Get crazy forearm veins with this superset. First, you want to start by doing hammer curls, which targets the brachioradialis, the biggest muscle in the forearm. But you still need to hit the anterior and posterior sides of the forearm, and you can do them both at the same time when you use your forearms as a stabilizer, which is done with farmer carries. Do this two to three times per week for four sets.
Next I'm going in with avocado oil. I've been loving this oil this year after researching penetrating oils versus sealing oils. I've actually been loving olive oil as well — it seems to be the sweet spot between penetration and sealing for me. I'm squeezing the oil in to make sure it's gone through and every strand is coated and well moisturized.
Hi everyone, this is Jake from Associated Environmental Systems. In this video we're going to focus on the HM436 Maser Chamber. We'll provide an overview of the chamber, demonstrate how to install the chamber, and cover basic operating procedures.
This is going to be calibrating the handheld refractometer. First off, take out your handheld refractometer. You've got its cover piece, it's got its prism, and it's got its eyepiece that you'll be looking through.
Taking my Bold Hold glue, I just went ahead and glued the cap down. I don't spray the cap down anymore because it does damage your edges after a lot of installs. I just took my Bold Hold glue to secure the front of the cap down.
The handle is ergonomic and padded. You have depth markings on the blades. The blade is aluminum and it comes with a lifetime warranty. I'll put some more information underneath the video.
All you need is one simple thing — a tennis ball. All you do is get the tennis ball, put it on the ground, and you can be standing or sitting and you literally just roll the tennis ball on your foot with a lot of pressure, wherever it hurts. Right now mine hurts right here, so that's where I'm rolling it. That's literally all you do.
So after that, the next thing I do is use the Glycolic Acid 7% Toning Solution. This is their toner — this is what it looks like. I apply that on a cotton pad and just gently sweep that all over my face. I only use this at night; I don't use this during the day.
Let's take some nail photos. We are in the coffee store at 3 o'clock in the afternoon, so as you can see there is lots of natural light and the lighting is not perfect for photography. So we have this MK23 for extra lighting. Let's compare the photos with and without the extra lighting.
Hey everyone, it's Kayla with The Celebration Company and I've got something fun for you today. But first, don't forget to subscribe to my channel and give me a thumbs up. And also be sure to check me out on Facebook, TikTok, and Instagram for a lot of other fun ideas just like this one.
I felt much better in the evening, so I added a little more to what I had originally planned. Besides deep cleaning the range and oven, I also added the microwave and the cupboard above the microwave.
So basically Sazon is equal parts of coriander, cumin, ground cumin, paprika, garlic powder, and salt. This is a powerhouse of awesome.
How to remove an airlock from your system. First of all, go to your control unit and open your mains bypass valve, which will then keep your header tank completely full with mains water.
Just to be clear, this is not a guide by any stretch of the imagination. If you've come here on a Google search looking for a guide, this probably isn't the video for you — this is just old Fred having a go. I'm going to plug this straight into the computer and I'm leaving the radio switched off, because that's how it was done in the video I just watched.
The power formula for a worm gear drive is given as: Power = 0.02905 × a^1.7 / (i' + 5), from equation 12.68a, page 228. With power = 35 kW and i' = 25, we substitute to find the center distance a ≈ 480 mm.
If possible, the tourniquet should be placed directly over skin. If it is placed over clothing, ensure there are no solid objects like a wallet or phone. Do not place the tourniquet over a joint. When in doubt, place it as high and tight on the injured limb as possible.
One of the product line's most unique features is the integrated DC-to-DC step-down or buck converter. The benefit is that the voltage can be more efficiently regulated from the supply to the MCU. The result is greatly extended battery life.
--------------------------------
Exercise objective. The whole listing, restated word for word, is the expected answer.

Response.
Get crazy forearm veins with this superset. First, you want to start by doing hammer curls, which targets the brachioradialis, the biggest muscle in the forearm. But you still need to hit the anterior and posterior sides of the forearm, and you can do them both at the same time when you use your forearms as a stabilizer, which is done with farmer carries. Do this two to three times per week for four sets.
Next I'm going in with avocado oil. I've been loving this oil this year after researching penetrating oils versus sealing oils. I've actually been loving olive oil as well — it seems to be the sweet spot between penetration and sealing for me. I'm squeezing the oil in to make sure it's gone through and every strand is coated and well moisturized.
Hi everyone, this is Jake from Associated Environmental Systems. In this video we're going to focus on the HM436 Maser Chamber. We'll provide an overview of the chamber, demonstrate how to install the chamber, and cover basic operating procedures.
This is going to be calibrating the handheld refractometer. First off, take out your handheld refractometer. You've got its cover piece, it's got its prism, and it's got its eyepiece that you'll be looking through.
Taking my Bold Hold glue, I just went ahead and glued the cap down. I don't spray the cap down anymore because it does damage your edges after a lot of installs. I just took my Bold Hold glue to secure the front of the cap down.
The handle is ergonomic and padded. You have depth markings on the blades. The blade is aluminum and it comes with a lifetime warranty. I'll put some more information underneath the video.
All you need is one simple thing — a tennis ball. All you do is get the tennis ball, put it on the ground, and you can be standing or sitting and you literally just roll the tennis ball on your foot with a lot of pressure, wherever it hurts. Right now mine hurts right here, so that's where I'm rolling it. That's literally all you do.
So after that, the next thing I do is use the Glycolic Acid 7% Toning Solution. This is their toner — this is what it looks like. I apply that on a cotton pad and just gently sweep that all over my face. I only use this at night; I don't use this during the day.
Let's take some nail photos. We are in the coffee store at 3 o'clock in the afternoon, so as you can see there is lots of natural light and the lighting is not perfect for photography. So we have this MK23 for extra lighting. Let's compare the photos with and without the extra lighting.
Hey everyone, it's Kayla with The Celebration Company and I've got something fun for you today. But first, don't forget to subscribe to my channel and give me a thumbs up. And also be sure to check me out on Facebook, TikTok, and Instagram for a lot of other fun ideas just like this one.
I felt much better in the evening, so I added a little more to what I had originally planned. Besides deep cleaning the range and oven, I also added the microwave and the cupboard above the microwave.
So basically Sazon is equal parts of coriander, cumin, ground cumin, paprika, garlic powder, and salt. This is a powerhouse of awesome.
How to remove an airlock from your system. First of all, go to your control unit and open your mains bypass valve, which will then keep your header tank completely full with mains water.
Just to be clear, this is not a guide by any stretch of the imagination. If you've come here on a Google search looking for a guide, this probably isn't the video for you — this is just old Fred having a go. I'm going to plug this straight into the computer and I'm leaving the radio switched off, because that's how it was done in the video I just watched.
The power formula for a worm gear drive is given as: Power = 0.02905 × a^1.7 / (i' + 5), from equation 12.68a, page 228. With power = 35 kW and i' = 25, we substitute to find the center distance a ≈ 480 mm.
If possible, the tourniquet should be placed directly over skin. If it is placed over clothing, ensure there are no solid objects like a wallet or phone. Do not place the tourniquet over a joint. When in doubt, place it as high and tight on the injured limb as possible.
One of the product line's most unique features is the integrated DC-to-DC step-down or buck converter. The benefit is that the voltage can be more efficiently regulated from the supply to the MCU. The result is greatly extended battery life.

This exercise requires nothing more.